It’s GERS week. And in case you thought this was yet another round in the endless row at Ibrox, it’s worse, much worse. It’s the annual horrible reckoning: the definitive publication of our finances: Government Expenditure and Revenue Scotland – the full account of money in, money out, money roundabout – and one of the biggest numbers of all – money we don’t have.

Sounds straightforward – until you start to plough through its pages – all 117 of them. Seldom in the history of Scottish finance have figures been presented with such a litany of caveats, qualifications, exemptions, revisions, adjustments and re-statements.

None of this, of course, has proved a barrier to instant comment and opinion. First Minister Nicola Sturgeon insisted the document proved the fundamentals of the economy were strong.

Critics have seized on the document as evidence that we are heading straight for a financial black hole. Labour says the SNP will be forced into austerity cuts. The Conservatives say it’s the economics of the madhouse and that SNP plans to cut financial ties with the UK would require the equivalent of an 8p income tax hike.

And the independent Institute for Fiscal Studies? It’s crunched the numbers in the wake of the oil price slump and come up with forecasts showing something bad, really bad: a spiralling deficit that, under fiscal autonomy, would require a 15p rise in income tax.

Who are we to believe?

The key numbers are set out here. And it doesn’t take long to see how we could be heading for a major problem, and with no evident solution. Or all but one solution: try praying.

According to the figures, the Scottish government enjoyed a total revenue in 2013-14 of £53.9 billion– well up from £48.9 billion in 2009-10. But we spent far more – £66.4 billion in 2013-14, up from £63.5 billion in 2009-10.

That left us £12.4 billion in the red.

The good news is that this is down from a deficit of £14.3 billion the previous year.
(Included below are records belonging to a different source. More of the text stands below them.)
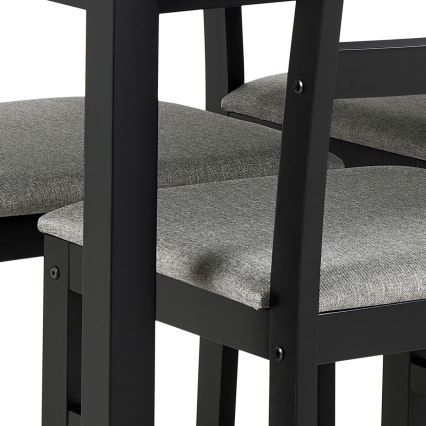 Conjunto de comedor: mesa + 4 sillas EMILY, color negro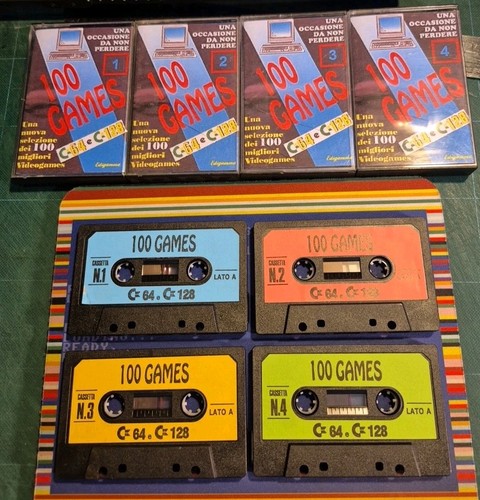 C64 100 games 4 cassette - c64, :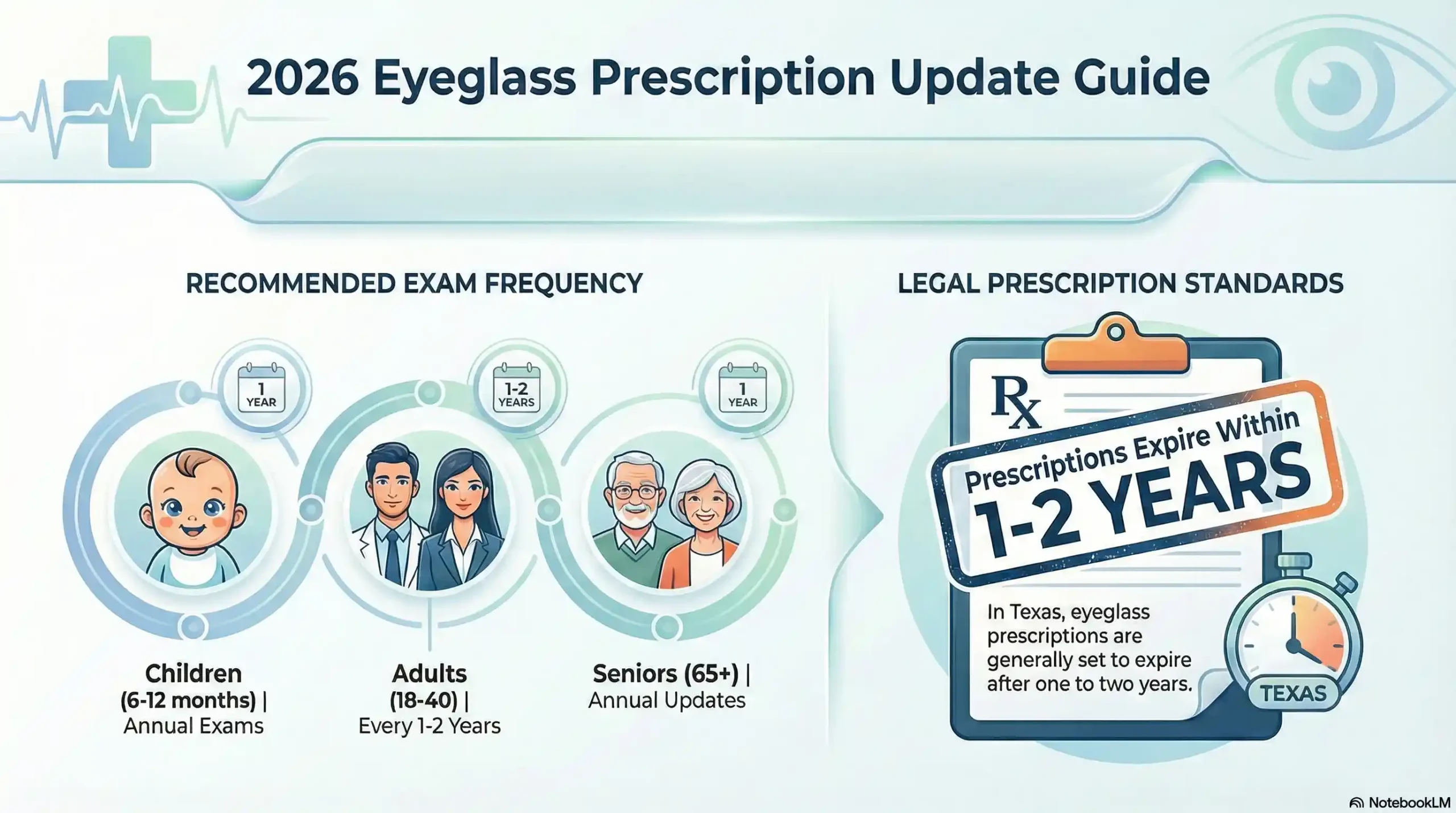 Chart showing how often to update glasses prescriptions by age and Texas law requirements.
And as a percentage of GDP – the measure favoured by economists that enables comparison with other countries – the deficit has come down from 10.4 per cent to 8.1 per cent.

But that’s about as sound as it gets.

That 8.1 per cent compares with 5.6 per cent for the UK as a whole. And remember, these figures are for a year before the oil price slump and the related hit on tax revenues.
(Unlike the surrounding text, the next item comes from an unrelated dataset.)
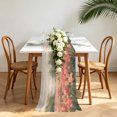 thumbnail image 4 of Pink Tulips 10ft Cheesecloth Table Runner for Wedding 27"x120", Spring Romance Floral Flower Field Garden Botanical Kitchen Dinner Sheer Tulle Chiffon Dresser Scarf, Holiday Party Decorations, 4 of 9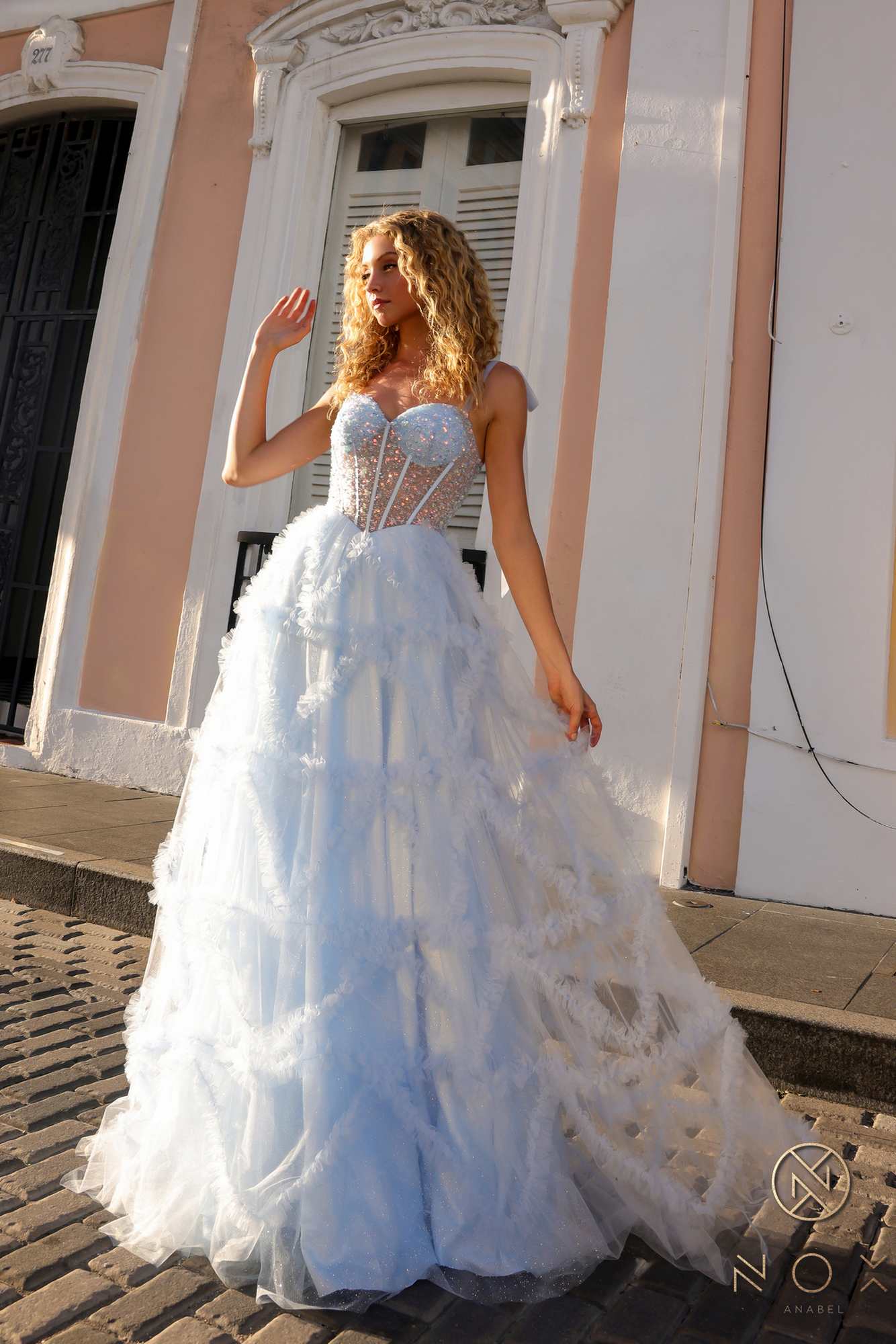 Nox Anabel T1340 Long Ruffled Skirt Boned Bustier Ribbon Strap A-Line Gown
Even then, such figures didn’t matter too much before the advent of “more powers”. But now they signal, at best, a big constraint on what an “empowered” Scottish government could actually do without raising taxes, cutting spending – or resorting to more debt.

It means that, if Scotland had either independence or full fiscal autonomy, there would be a further deficit of £3.8 billion, relative to the UK, that we would have to deal with.

Hence the Scottish Conservatives’ calculation that were Scotland alone challenged with plugging this black hole, it could result in an 8p increase in income tax for every worker. Other options would involve significant spending cuts or sharply higher borrowing.

But it gets worse. Much worse. Economists warned that Scotland’s financial position would deteriorate further this year, as the figures predate collapse in the oil price, and would remain worse than the UK’s until at least the start of the next decade.

Using the most up-to-date projections for the oil price, the IFS predicted that in 2015/16 Scotland would be £6.6 billion worse off if it had to rely only on taxpayers north of the Border to fund public services. Put another way, the deficit would be more than twice as high per person in Scotland (£2,600) than in the UK as a whole (£1,200).

Cutting that deficit, it warned, would require the equivalent of a 15p hike in income tax if the Scottish government were to rely on Scottish taxpayers to bridge the gap.

It says that demands for “full fiscal autonomy”, or devolution max, if the SNP holds the balance of power after the general election, would “likely involve substantial spending cuts or tax rises”.

All this is a far cry from the soaring expectations of higher welfare spending, higher infrastructure spending, more money for health and education – and the maintenance of all the universal benefits we currently enjoy.

It’s not impossible, if spending is cut elsewhere, taxes are raised or the oil price rallies – miracles can happen.

David Phillips, an IFS senior research economist, said the figures “illustrate that full fiscal autonomy would likely involve substantial spending cuts or tax rises in Scotland – unless oil revenues rebound and remain at consistently high levels, or credible policies to boost the growth of Scotland’s onshore economies and revenues can be developed.”

And the IFS is not alone. The think tank Fiscal Affairs Scotland published forecasts in the wake of the GERS report showing that Scotland’s overall fiscal balance is projected to worsen in 2014-15, from £12.4 billion to £13.9 billion. – due largely to a decline in oil revenues.

And while the UK, on current plans, returns to surplus by 2018-19, Scotland remains in deficit up to the end of the forecast period – that is, to 2019-20.

What searching questions these numbers pose whatever the outcome of the election and indeed for the victors of the Scottish parliamentary election in 2016. How is this worsening deficit to be fixed? Where is the money to come from? What’s the plan?
And if no clear answer is forthcoming, you know what to do. When all else fails, try praying.